Regulations driving biofuel uptake
There is no doubt that one of the main drivers for the shipping industry’s transition towards carbon neutrality is the increasing and rapidly developing regulatory requirements.
Firstly, IMO has now set a firm target for reaching net-zero greenhouse gas emissions from international shipping approaching the year 2050.The target includes checkpoints for 2030 and 2040 of 20 and 70% respectively absolute reductions (striving for 30% and 80%). In addition, the uptake of zero or near-zero fuels are to represent at least 5% by 2030. Consequently, the shipping industry cannot just wait until 2050, but will be working on reaching these targets already now. The targets of absolute emissions reductions can only be reached by transitioning from traditional to alternative fuels.
Secondly, the CII regulations has now entered into effect. From this year all vessels larger than 5,000 GT will have calculated for them a CII rating based on historical data submitted to the IMO. The rating is a calculation of the CO2 the vessel emitted per unit of cargo capacity per nautical mile.

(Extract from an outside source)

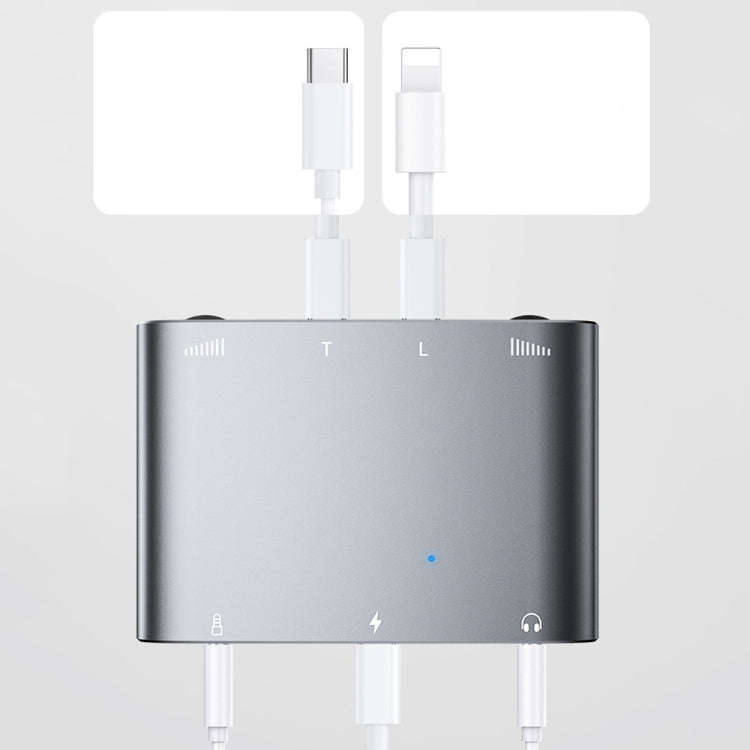2 In 1 8 Pin+Type-C/USB-C Stereo Dual Channel Sound Card Live Converter(Upgraded Version)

The rating will come as a letter between A and E, with A at the top of the scale, and ratings will be determined on an annual basis. Ships receiving a D rating for three years or an E rating for a single year will need to implement a corrective action plan as part of the ship energy efficiency management plan (SEEMP) setting out their plans to improve their performance and rating. Alternative fuel such as biofuel will have a significant positive impact on the rating.

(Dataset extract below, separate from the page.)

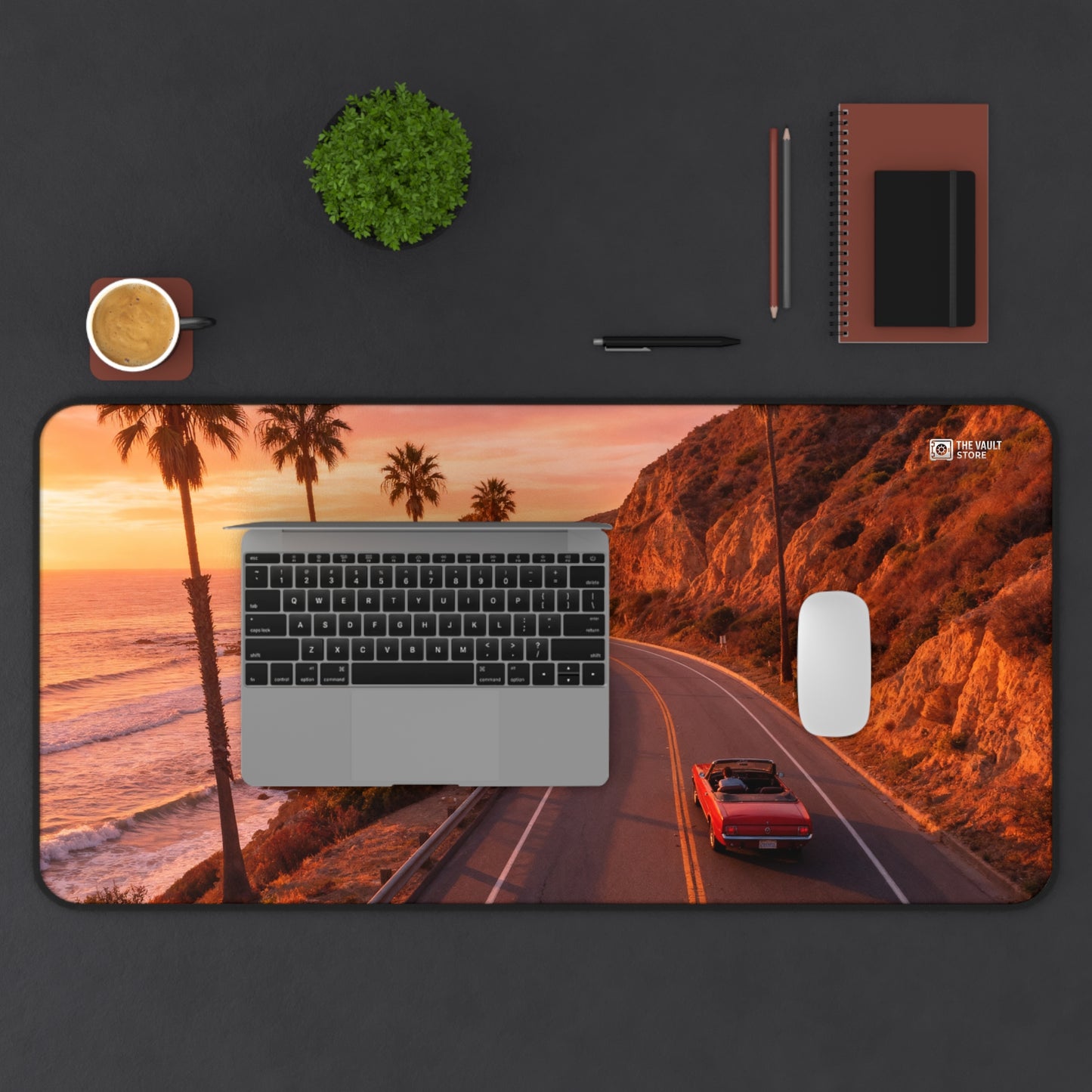 Sunset Beach Cruise Desk Mat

Finally, IMO is set to adopt further regulation – such as a price on carbon emissions as well as a green fuel standard – in the coming years to further drive the transition.
But separately from the global effort on decarbonization led by the IMO, the European Union has also been pursuing its own regulatory agenda.

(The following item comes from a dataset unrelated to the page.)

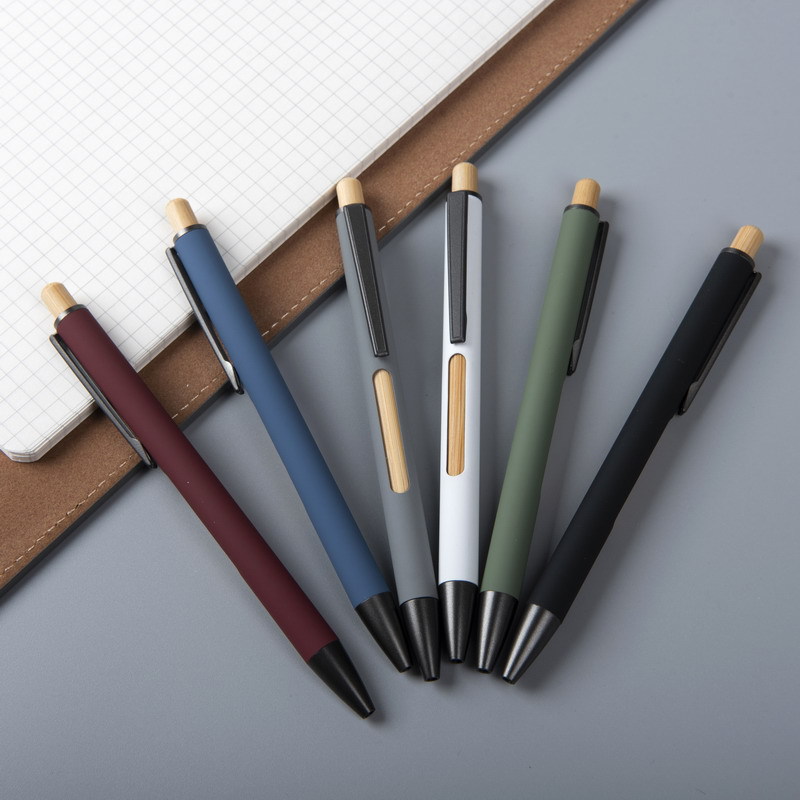 Ballpoint pen advertisement Ballpoint pen aluminum rod hollowed-out ballpoint pen bamboo matching ballpoint pen bamboo can print 6 advertisements Ballpoint pen trendy and fun office and study supplies thumbnail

Last year the EU came to a deal on including shipping within the union’s emissions trading system (ETS). All ships over 5,000 GT in size will be included in the ETS, covering 100% of CO2 emissions from intra-EU voyages and 50% of emissions from voyages between EU ports and the rest of the world. In practice, this means that all vessels calling a European port will be affected by the EU ETS.
The system will be phased in starting in 2024 with 40% of emissions covered, 70% in 2025 and 100% from 2026 onwards. Shipping companies will be required to buy an equivalent number of “EU Allowances” (representing one tonne of CO2 emissions) to match their annual total fleet emissions, and deliver these to the authorities each year.
Europe also has a separate regulation called FuelEU Maritime, which will require shipping firms to gradually incorporate renewable fuels in their bunker purchases in order to lower the GHG intensity of the fuel burned. Like the ETS it is a gradually phased in system with the same coverage in terms of ship size and geographical scope. Meanwhile, the FuelEU Maritime sets requirements not only for CO2, but for other greenhouse gases as well.
These regulatory drivers are just the start; further developments can be expected from the IMO in the coming years, and over the longer term the US and China may also seek to impose their own rules if they are dissatisfied with the global regulations.
All of this will mean biofuel use is heavily incentivized in the short term as the use of conventional fuels becomes more constrained by regulatory costs.